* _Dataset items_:

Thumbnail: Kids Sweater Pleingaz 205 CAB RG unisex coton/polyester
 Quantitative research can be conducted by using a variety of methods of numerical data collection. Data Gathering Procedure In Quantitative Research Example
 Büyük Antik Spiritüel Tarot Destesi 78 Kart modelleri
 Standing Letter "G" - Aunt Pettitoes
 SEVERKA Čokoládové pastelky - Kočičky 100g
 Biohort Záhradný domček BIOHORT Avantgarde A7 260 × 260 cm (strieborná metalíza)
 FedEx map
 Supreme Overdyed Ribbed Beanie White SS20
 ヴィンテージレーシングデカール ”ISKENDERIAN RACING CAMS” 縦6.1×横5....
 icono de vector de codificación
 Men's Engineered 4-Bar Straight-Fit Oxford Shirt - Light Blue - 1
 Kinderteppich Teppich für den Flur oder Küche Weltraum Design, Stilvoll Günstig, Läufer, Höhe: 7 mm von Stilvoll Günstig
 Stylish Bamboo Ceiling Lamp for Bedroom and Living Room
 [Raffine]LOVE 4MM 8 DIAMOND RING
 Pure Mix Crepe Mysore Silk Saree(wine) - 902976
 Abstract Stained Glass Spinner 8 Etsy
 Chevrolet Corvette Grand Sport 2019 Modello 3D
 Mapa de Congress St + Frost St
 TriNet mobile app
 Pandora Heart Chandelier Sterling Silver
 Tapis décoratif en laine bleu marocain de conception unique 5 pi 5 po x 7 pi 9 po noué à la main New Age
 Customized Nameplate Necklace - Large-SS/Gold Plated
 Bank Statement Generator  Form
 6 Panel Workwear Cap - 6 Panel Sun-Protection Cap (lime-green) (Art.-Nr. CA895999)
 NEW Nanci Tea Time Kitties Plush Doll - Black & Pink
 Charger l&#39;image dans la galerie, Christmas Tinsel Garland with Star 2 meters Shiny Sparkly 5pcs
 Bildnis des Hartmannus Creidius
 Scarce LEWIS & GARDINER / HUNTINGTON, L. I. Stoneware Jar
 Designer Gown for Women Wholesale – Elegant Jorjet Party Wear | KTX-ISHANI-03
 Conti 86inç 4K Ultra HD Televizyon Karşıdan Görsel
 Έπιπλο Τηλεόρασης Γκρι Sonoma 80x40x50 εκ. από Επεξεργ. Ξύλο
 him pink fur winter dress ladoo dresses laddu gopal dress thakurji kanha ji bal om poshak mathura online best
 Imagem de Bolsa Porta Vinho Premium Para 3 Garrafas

* _Task goal_:
Beginning at the line that holds "6 Panel Workwear", reproduce each line of the records above down to and including the last one.

* _Completed exercise_:
 6 Panel Workwear Cap - 6 Panel Sun-Protection Cap (lime-green) (Art.-Nr. CA895999)
 NEW Nanci Tea Time Kitties Plush Doll - Black & Pink
 Charger l&#39;image dans la galerie, Christmas Tinsel Garland with Star 2 meters Shiny Sparkly 5pcs
 Bildnis des Hartmannus Creidius
 Scarce LEWIS & GARDINER / HUNTINGTON, L. I. Stoneware Jar
 Designer Gown for Women Wholesale – Elegant Jorjet Party Wear | KTX-ISHANI-03
 Conti 86inç 4K Ultra HD Televizyon Karşıdan Görsel
 Έπιπλο Τηλεόρασης Γκρι Sonoma 80x40x50 εκ. από Επεξεργ. Ξύλο
 him pink fur winter dress ladoo dresses laddu gopal dress thakurji kanha ji bal om poshak mathura online best
 Imagem de Bolsa Porta Vinho Premium Para 3 Garrafas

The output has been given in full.